The word Sattriya is derived from the word ‘Sattra’, because till then the dance recitals were exclusively practiced within the compounds of a Sattra, a monastery like institution which was the epicentre of the Vaishanvite culture. Srimanta Sankardev during 15th & 16th century brought about a renaissance which strung the society together into a cultural and social whole and can be said without doubt that it was this resurgence in the society that shaped the present day Assam. It is as a Classical Indian dance which reflects Indian culture, its legacy and heritage of over 5000 years.

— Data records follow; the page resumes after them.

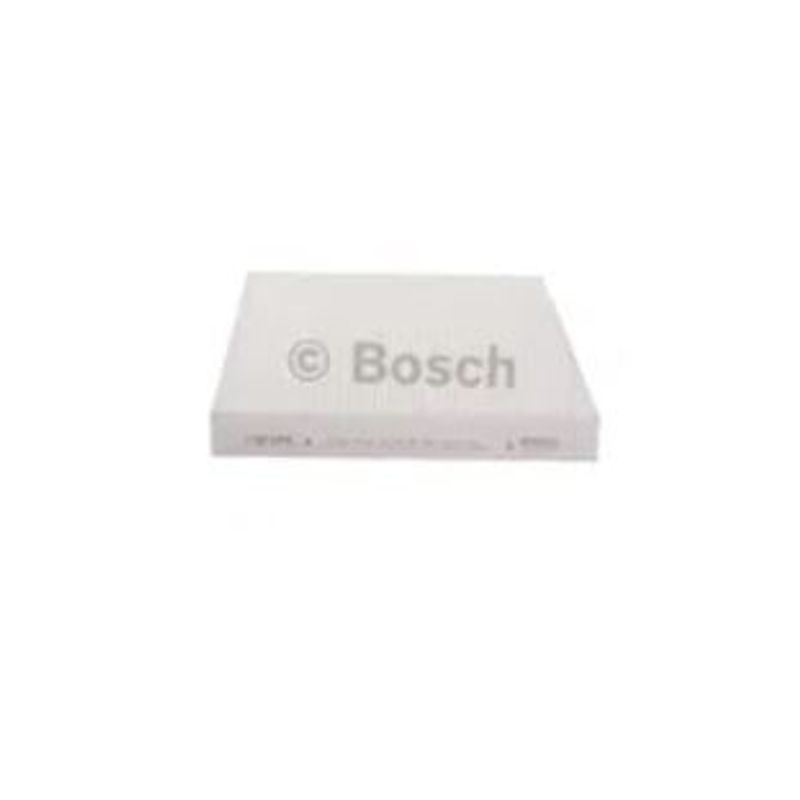 7516088-filtro-cabine-cb0568-bosch 7516088-filtro-cabine-cb0568-bosch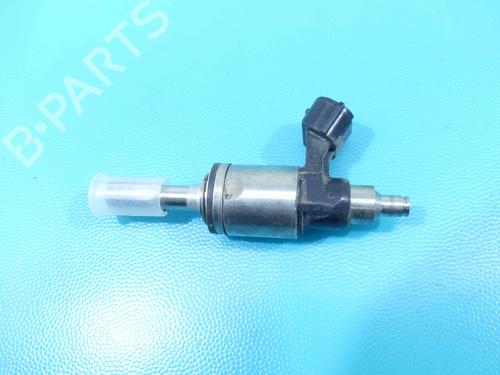 Injector LEXUS GS (_L1_) 450h (GWL10_, GWL10, GWL10R) | BP38154981M100 - Image 2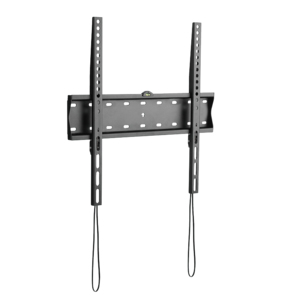 LogiLink BP0013 TV Väggfäste 32-55" 40kg VESA 400x400mm - BP0013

Mahapurush Srimanta Sankardev used the charm of art and culture to intertwine his philosophy of monotheism i.e. Vaishnavism so that it could be used as a medium of instruction. To spread this art form, Sankardev used as a tool the style of story telling through drama called the Ankia Naat which depicted the life of Lord Krishna & Lord Rama and numerous dances were included in those Ankia Naats created by Him. At later stage, his chief disciple Sri Sri Madhavdev and other apostle created some newer numbers.

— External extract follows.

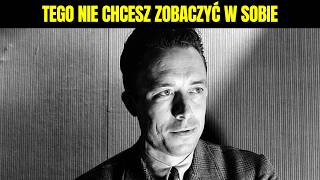 Camus Dzuma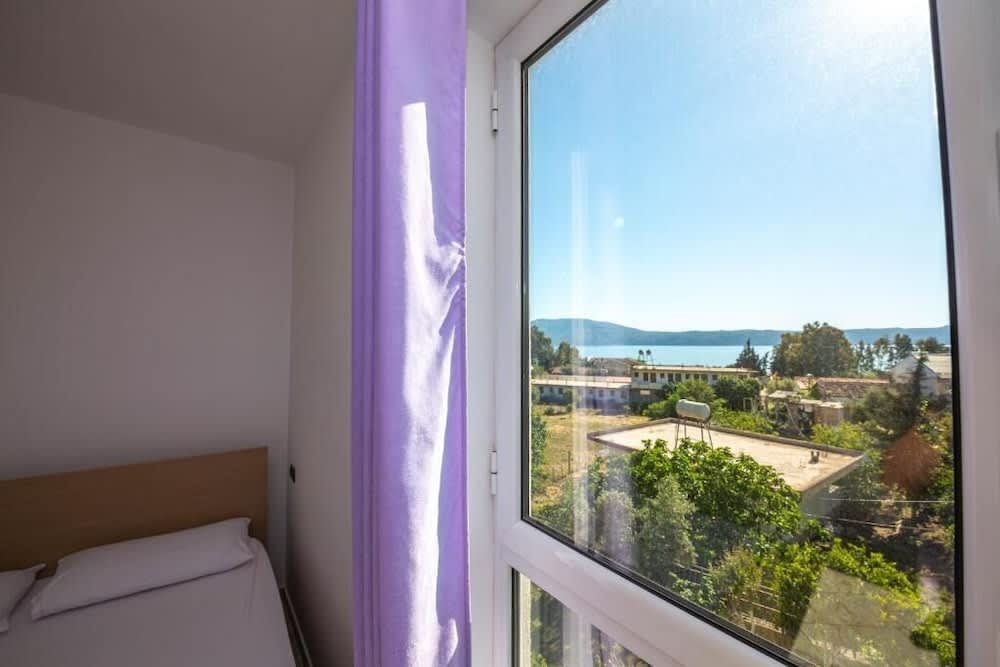 Kompleksi Turistik DEA Radhime 2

With time, many names were used like Nadu bhangi, Jhumura Naach, Chali-Nach, Behar Nach, Sutradhari, Gosain Pravesh, Gopi Pravesh, Ojapali Nach to name a few, but today in common parlance it is known as Sattriya, thanks to Dr. Maheswar Neog who understood the need for a singular identity rather than the confusion of various names. The sattriya dance can be classified into two styles namely Paurashik Bhangi i.e Tandav or masculine style & Shtri bhangi i.e Lasya or feminine style. The history of Sattriya goes back centuries; however, it saw the light of the outside world only in the 60s of 20th century when it was first preformed outside the Sattra. Credit goes to Late Moniram Dutta Muktiar Barbayan & Late Raseswar Saikia Borbayan. These two exponents were rewarded by Sangeet Natak Akademi in the year 1963 & 1980 respectively, a much needed impetus to a dance at such a nascent stage. However, the contribution of eminent personality Dr. Bhupen Hazarika is noteworthy in the field of Sattriya Dance.

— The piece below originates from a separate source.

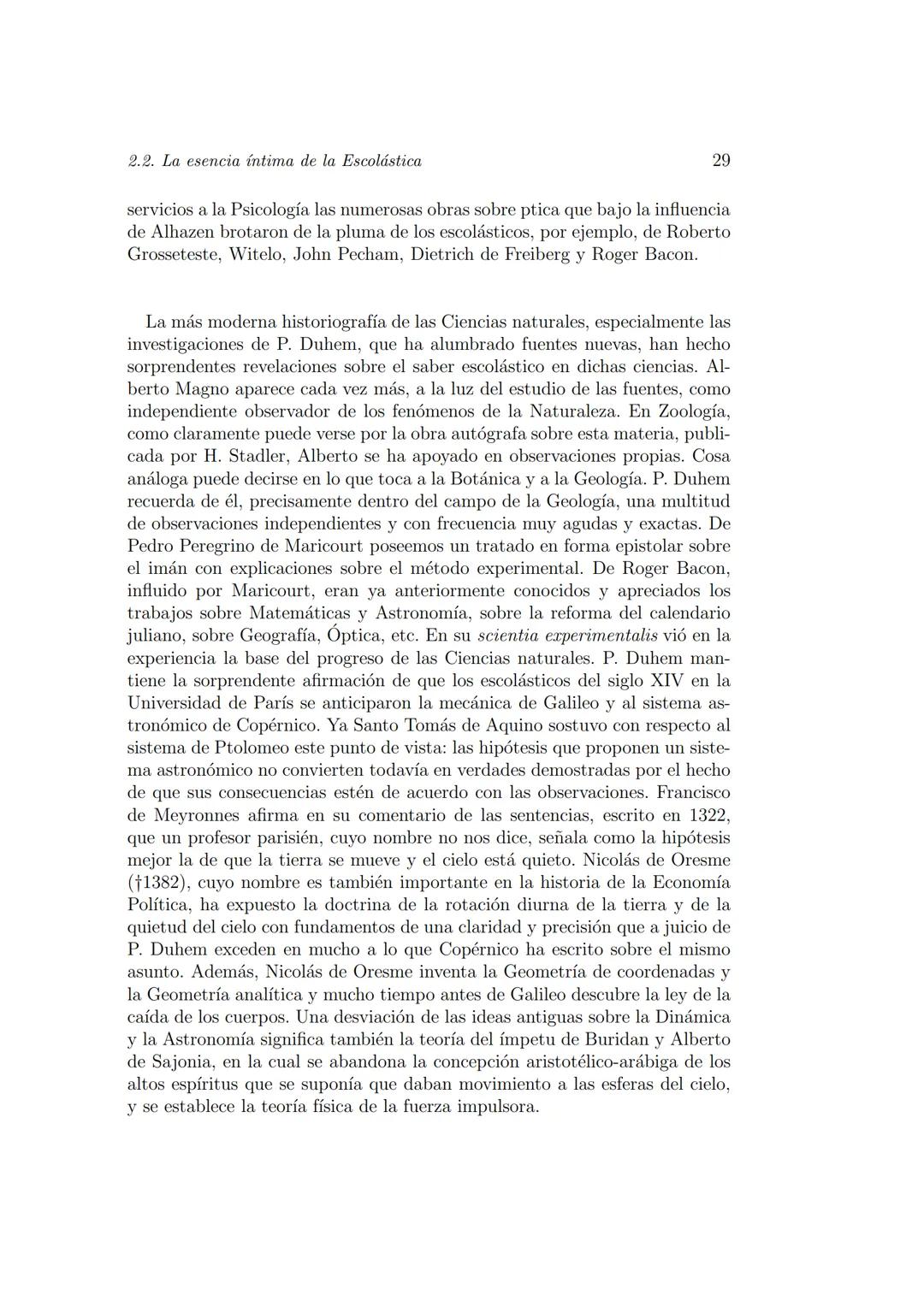 HISTORIA DE LA FILOSOFÍA
MEDIEVAL
Martin Grabmann
Traducción de Salvador Minguijón
Transcripción del texto publicado por Editorial Labor S.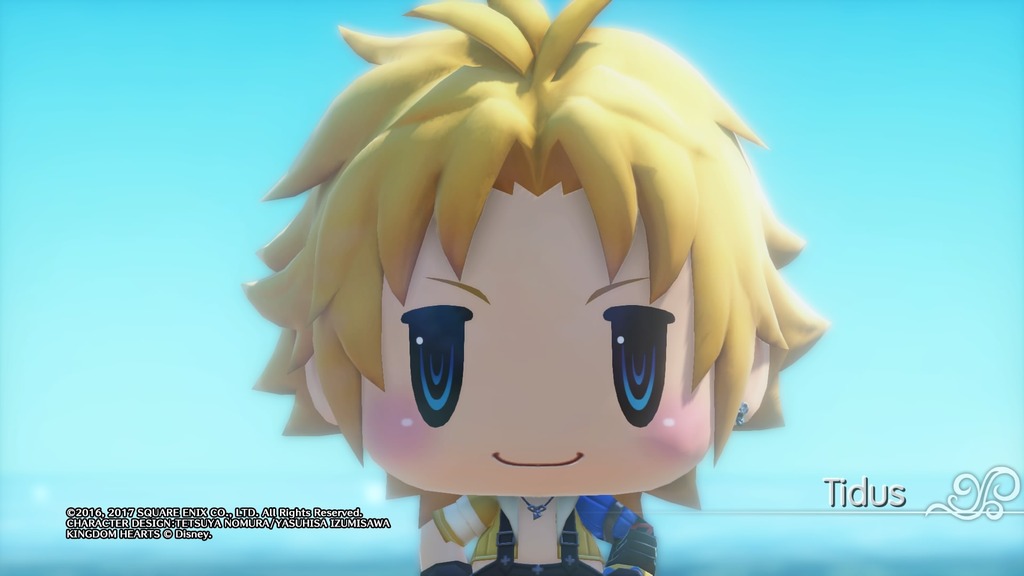 WORLD%20OF%20FINAL%20FANTASY_20180303161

The dance has every flavour of a matured art form but it does not share the same pedestal as other classical dance forms of India. The reason for its lesser popularity is because the dance stayed inside the Sattras and limited to the Bhakats (disciple) only until the middle of the 20th century. Finally, the Sangeet Natak Akademi of India, in November 2000, accorded Sattriya dance with the status of a Classical form. After recognition, the youth have shown their interest to learn this dance very eagerly. Various Sattriya exponents are composing newer pieces breaking the monotony of older compositions captivating the hearts of the youngsters. However, this has not come at the cost of the basic tenets of Sattriya. Nartan Kala Niketan of Guwahati in Assam, a premier institution of Sattriya dance is relentlessly pursuing this goal to promote and popularise this dance across the globe through their performances. The road map for the future involves the participation of the performers, institutions, patrons & media in particular which is the window to the outside world.